INPUT FOR THIS TASK:
*** Begin section ***

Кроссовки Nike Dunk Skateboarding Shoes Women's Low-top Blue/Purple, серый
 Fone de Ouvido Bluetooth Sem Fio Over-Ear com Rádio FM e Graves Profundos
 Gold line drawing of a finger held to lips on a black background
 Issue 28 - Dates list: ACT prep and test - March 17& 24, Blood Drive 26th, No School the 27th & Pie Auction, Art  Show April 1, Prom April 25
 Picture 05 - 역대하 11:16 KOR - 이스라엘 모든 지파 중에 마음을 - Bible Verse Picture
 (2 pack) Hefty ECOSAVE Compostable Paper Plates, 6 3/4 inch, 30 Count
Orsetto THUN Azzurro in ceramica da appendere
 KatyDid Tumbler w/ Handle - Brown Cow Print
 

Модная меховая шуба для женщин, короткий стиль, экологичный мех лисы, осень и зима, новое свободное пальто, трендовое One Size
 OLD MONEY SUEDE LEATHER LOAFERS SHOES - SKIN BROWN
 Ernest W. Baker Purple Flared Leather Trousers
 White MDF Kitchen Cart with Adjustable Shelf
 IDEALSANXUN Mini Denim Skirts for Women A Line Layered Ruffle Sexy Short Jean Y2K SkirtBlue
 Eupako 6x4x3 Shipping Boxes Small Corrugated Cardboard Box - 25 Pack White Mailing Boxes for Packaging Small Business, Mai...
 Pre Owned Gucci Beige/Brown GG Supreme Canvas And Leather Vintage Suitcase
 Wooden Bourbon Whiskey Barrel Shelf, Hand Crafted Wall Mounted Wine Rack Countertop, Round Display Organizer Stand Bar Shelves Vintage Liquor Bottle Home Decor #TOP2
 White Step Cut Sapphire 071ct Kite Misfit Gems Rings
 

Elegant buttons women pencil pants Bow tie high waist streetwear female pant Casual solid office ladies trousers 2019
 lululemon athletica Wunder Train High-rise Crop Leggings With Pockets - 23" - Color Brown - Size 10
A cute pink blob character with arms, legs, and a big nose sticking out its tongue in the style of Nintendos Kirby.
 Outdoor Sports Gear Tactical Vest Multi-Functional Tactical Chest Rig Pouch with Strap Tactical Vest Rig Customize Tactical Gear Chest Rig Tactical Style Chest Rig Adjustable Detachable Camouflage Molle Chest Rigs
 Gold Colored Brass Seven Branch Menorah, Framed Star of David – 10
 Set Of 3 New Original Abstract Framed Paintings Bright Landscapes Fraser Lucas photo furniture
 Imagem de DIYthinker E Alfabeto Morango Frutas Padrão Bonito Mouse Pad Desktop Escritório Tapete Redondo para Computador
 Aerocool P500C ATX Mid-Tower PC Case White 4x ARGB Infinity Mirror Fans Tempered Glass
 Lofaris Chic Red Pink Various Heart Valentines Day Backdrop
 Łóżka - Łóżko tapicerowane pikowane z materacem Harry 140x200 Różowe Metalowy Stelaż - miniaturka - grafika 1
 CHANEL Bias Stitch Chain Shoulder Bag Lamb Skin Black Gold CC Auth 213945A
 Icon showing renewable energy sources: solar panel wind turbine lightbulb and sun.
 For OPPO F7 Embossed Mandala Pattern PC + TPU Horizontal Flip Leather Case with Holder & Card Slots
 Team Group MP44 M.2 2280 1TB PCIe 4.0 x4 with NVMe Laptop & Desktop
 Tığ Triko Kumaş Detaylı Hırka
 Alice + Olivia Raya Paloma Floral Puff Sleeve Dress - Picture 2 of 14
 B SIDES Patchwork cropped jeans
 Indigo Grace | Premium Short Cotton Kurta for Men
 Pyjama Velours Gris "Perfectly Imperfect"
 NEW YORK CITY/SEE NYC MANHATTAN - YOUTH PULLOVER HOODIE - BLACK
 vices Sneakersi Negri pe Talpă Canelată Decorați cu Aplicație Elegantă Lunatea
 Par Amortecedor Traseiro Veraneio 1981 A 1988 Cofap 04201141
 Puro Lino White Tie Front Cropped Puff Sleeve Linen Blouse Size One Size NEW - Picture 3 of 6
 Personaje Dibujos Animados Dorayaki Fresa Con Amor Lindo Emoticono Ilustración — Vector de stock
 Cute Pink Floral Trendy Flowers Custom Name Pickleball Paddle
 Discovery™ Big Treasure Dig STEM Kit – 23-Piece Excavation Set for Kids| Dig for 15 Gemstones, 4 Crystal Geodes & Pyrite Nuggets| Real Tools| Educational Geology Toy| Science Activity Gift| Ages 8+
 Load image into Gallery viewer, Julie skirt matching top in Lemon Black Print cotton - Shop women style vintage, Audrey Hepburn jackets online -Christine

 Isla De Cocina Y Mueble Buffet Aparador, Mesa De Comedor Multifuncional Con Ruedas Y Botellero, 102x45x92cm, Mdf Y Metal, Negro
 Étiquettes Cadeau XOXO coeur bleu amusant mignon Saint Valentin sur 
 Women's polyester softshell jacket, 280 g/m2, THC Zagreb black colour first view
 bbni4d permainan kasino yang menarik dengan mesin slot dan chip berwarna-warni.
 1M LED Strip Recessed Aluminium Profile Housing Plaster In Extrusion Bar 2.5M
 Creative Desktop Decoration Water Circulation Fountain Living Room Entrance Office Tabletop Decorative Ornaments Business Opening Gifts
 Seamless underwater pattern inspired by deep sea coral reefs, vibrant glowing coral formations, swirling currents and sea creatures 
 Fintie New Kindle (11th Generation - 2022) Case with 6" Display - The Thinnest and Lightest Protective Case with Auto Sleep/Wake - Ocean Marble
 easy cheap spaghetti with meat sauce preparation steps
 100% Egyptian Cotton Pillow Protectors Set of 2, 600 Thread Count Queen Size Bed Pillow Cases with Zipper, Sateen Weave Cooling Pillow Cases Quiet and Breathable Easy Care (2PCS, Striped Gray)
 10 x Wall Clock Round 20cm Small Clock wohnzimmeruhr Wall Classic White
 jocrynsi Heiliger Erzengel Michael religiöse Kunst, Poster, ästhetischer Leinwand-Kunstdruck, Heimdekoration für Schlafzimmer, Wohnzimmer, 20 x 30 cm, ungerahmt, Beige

*** End section ***

ASSIGNMENT: Retype the records above exactly, so that no line differs from its source.

RESPONSE:
Кроссовки Nike Dunk Skateboarding Shoes Women's Low-top Blue/Purple, серый
 Fone de Ouvido Bluetooth Sem Fio Over-Ear com Rádio FM e Graves Profundos
 Gold line drawing of a finger held to lips on a black background
 Issue 28 - Dates list: ACT prep and test - March 17& 24, Blood Drive 26th, No School the 27th & Pie Auction, Art  Show April 1, Prom April 25
 Picture 05 - 역대하 11:16 KOR - 이스라엘 모든 지파 중에 마음을 - Bible Verse Picture
 (2 pack) Hefty ECOSAVE Compostable Paper Plates, 6 3/4 inch, 30 Count
Orsetto THUN Azzurro in ceramica da appendere
 KatyDid Tumbler w/ Handle - Brown Cow Print
 

Модная меховая шуба для женщин, короткий стиль, экологичный мех лисы, осень и зима, новое свободное пальто, трендовое One Size
 OLD MONEY SUEDE LEATHER LOAFERS SHOES - SKIN BROWN
 Ernest W. Baker Purple Flared Leather Trousers
 White MDF Kitchen Cart with Adjustable Shelf
 IDEALSANXUN Mini Denim Skirts for Women A Line Layered Ruffle Sexy Short Jean Y2K SkirtBlue
 Eupako 6x4x3 Shipping Boxes Small Corrugated Cardboard Box - 25 Pack White Mailing Boxes for Packaging Small Business, Mai...
 Pre Owned Gucci Beige/Brown GG Supreme Canvas And Leather Vintage Suitcase
 Wooden Bourbon Whiskey Barrel Shelf, Hand Crafted Wall Mounted Wine Rack Countertop, Round Display Organizer Stand Bar Shelves Vintage Liquor Bottle Home Decor #TOP2
 White Step Cut Sapphire 071ct Kite Misfit Gems Rings
 

Elegant buttons women pencil pants Bow tie high waist streetwear female pant Casual solid office ladies trousers 2019
 lululemon athletica Wunder Train High-rise Crop Leggings With Pockets - 23" - Color Brown - Size 10
A cute pink blob character with arms, legs, and a big nose sticking out its tongue in the style of Nintendos Kirby.
 Outdoor Sports Gear Tactical Vest Multi-Functional Tactical Chest Rig Pouch with Strap Tactical Vest Rig Customize Tactical Gear Chest Rig Tactical Style Chest Rig Adjustable Detachable Camouflage Molle Chest Rigs
 Gold Colored Brass Seven Branch Menorah, Framed Star of David – 10
 Set Of 3 New Original Abstract Framed Paintings Bright Landscapes Fraser Lucas photo furniture
 Imagem de DIYthinker E Alfabeto Morango Frutas Padrão Bonito Mouse Pad Desktop Escritório Tapete Redondo para Computador
 Aerocool P500C ATX Mid-Tower PC Case White 4x ARGB Infinity Mirror Fans Tempered Glass
 Lofaris Chic Red Pink Various Heart Valentines Day Backdrop
 Łóżka - Łóżko tapicerowane pikowane z materacem Harry 140x200 Różowe Metalowy Stelaż - miniaturka - grafika 1
 CHANEL Bias Stitch Chain Shoulder Bag Lamb Skin Black Gold CC Auth 213945A
 Icon showing renewable energy sources: solar panel wind turbine lightbulb and sun.
 For OPPO F7 Embossed Mandala Pattern PC + TPU Horizontal Flip Leather Case with Holder & Card Slots
 Team Group MP44 M.2 2280 1TB PCIe 4.0 x4 with NVMe Laptop & Desktop
 Tığ Triko Kumaş Detaylı Hırka
 Alice + Olivia Raya Paloma Floral Puff Sleeve Dress - Picture 2 of 14
 B SIDES Patchwork cropped jeans
 Indigo Grace | Premium Short Cotton Kurta for Men
 Pyjama Velours Gris "Perfectly Imperfect"
 NEW YORK CITY/SEE NYC MANHATTAN - YOUTH PULLOVER HOODIE - BLACK
 vices Sneakersi Negri pe Talpă Canelată Decorați cu Aplicație Elegantă Lunatea
 Par Amortecedor Traseiro Veraneio 1981 A 1988 Cofap 04201141
 Puro Lino White Tie Front Cropped Puff Sleeve Linen Blouse Size One Size NEW - Picture 3 of 6
 Personaje Dibujos Animados Dorayaki Fresa Con Amor Lindo Emoticono Ilustración — Vector de stock
 Cute Pink Floral Trendy Flowers Custom Name Pickleball Paddle
 Discovery™ Big Treasure Dig STEM Kit – 23-Piece Excavation Set for Kids| Dig for 15 Gemstones, 4 Crystal Geodes & Pyrite Nuggets| Real Tools| Educational Geology Toy| Science Activity Gift| Ages 8+
 Load image into Gallery viewer, Julie skirt matching top in Lemon Black Print cotton - Shop women style vintage, Audrey Hepburn jackets online -Christine

 Isla De Cocina Y Mueble Buffet Aparador, Mesa De Comedor Multifuncional Con Ruedas Y Botellero, 102x45x92cm, Mdf Y Metal, Negro
 Étiquettes Cadeau XOXO coeur bleu amusant mignon Saint Valentin sur 
 Women's polyester softshell jacket, 280 g/m2, THC Zagreb black colour first view
 bbni4d permainan kasino yang menarik dengan mesin slot dan chip berwarna-warni.
 1M LED Strip Recessed Aluminium Profile Housing Plaster In Extrusion Bar 2.5M
 Creative Desktop Decoration Water Circulation Fountain Living Room Entrance Office Tabletop Decorative Ornaments Business Opening Gifts
 Seamless underwater pattern inspired by deep sea coral reefs, vibrant glowing coral formations, swirling currents and sea creatures 
 Fintie New Kindle (11th Generation - 2022) Case with 6" Display - The Thinnest and Lightest Protective Case with Auto Sleep/Wake - Ocean Marble
 easy cheap spaghetti with meat sauce preparation steps
 100% Egyptian Cotton Pillow Protectors Set of 2, 600 Thread Count Queen Size Bed Pillow Cases with Zipper, Sateen Weave Cooling Pillow Cases Quiet and Breathable Easy Care (2PCS, Striped Gray)
 10 x Wall Clock Round 20cm Small Clock wohnzimmeruhr Wall Classic White
 jocrynsi Heiliger Erzengel Michael religiöse Kunst, Poster, ästhetischer Leinwand-Kunstdruck, Heimdekoration für Schlafzimmer, Wohnzimmer, 20 x 30 cm, ungerahmt, Beige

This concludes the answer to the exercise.